200 Years Of Strange And Embarrassing Presidential Campaign Artifacts

If Donald Trump has reached higher than other men, it’s only because he stands on the shoulders of crazy giants.

Donald Trump’s hair is disturbing. But it’s not the most frightening thing that presidential campaigners have ever worn on their heads. That distinction goes to Grover Cleveland’s crew during his 1888 campaign.
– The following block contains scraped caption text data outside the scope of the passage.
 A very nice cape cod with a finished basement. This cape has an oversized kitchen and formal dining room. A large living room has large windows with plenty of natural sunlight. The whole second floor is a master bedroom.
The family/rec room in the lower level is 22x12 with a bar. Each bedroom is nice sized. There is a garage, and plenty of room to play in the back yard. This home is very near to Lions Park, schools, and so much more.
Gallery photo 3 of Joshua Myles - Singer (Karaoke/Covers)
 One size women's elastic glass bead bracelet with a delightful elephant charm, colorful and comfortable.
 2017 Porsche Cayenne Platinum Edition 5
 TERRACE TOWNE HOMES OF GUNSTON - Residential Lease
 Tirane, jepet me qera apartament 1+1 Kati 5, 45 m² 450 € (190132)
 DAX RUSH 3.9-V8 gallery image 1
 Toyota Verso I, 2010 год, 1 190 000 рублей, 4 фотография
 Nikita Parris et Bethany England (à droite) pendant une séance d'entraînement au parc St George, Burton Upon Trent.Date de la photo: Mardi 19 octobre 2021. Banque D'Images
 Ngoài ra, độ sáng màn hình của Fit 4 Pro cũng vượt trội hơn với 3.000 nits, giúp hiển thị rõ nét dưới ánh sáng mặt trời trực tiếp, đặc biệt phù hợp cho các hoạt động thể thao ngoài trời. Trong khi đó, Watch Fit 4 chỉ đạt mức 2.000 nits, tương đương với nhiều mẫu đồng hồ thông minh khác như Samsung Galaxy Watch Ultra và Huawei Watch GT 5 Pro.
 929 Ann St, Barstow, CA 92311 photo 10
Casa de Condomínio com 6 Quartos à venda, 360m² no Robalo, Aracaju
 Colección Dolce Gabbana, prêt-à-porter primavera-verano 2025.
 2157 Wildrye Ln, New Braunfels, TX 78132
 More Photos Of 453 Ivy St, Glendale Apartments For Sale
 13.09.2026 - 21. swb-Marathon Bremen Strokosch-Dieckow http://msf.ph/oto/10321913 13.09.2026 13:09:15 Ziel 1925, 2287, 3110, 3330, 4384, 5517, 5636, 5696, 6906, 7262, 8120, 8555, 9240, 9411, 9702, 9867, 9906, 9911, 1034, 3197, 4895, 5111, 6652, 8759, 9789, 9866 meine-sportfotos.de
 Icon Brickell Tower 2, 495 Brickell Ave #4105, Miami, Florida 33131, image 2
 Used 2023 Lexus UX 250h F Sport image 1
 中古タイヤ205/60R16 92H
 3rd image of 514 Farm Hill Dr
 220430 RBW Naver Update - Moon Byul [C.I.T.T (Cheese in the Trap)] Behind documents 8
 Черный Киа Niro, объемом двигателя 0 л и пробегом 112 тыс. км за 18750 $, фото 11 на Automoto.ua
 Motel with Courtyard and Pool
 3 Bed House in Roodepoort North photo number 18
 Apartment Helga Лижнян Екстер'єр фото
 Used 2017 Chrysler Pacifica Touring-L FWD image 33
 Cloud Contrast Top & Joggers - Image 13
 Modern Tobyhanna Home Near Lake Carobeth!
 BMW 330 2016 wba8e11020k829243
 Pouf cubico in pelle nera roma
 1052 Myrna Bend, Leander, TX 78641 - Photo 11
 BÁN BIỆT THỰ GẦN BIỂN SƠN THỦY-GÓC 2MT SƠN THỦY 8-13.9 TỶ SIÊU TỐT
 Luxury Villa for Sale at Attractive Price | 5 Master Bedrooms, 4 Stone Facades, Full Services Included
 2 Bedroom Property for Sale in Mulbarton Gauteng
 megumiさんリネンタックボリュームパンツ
It was a fashion of the times for candidates to promote themselves in nighttime events known as “torch parades.” Because before the advent of electricity, lighting was available by fire only.


So Cleveland’s people wore medieval, oil-filled burning helmets that rested just inches from their hair, eyes, and noses.

“It seems extraordinarily dangerous,” laughs Alan Lowe, curator at the George W. Bush Presidential Center in Dallas. “But it appears that these torch parades were popular from 1860 to 1890.”

Cleveland’s torch helmet is one of 118 presidential campaign artifacts on display now at the Path to the Presidency exhibit at the George W. Bush Presidential Center. From Bill Clinton’s Ray-Bans he wore on the Arsenio Hall Show to a pair of Ronald and Nancy Reagan slippers (each foot gets its own Reagan), the installation features more than 200 years of strange campaign artifacts–some released by the presidential campaigns, others by mere supporters and profiteers–which reflect the values of our times and also the petty campaign warfare between candidates.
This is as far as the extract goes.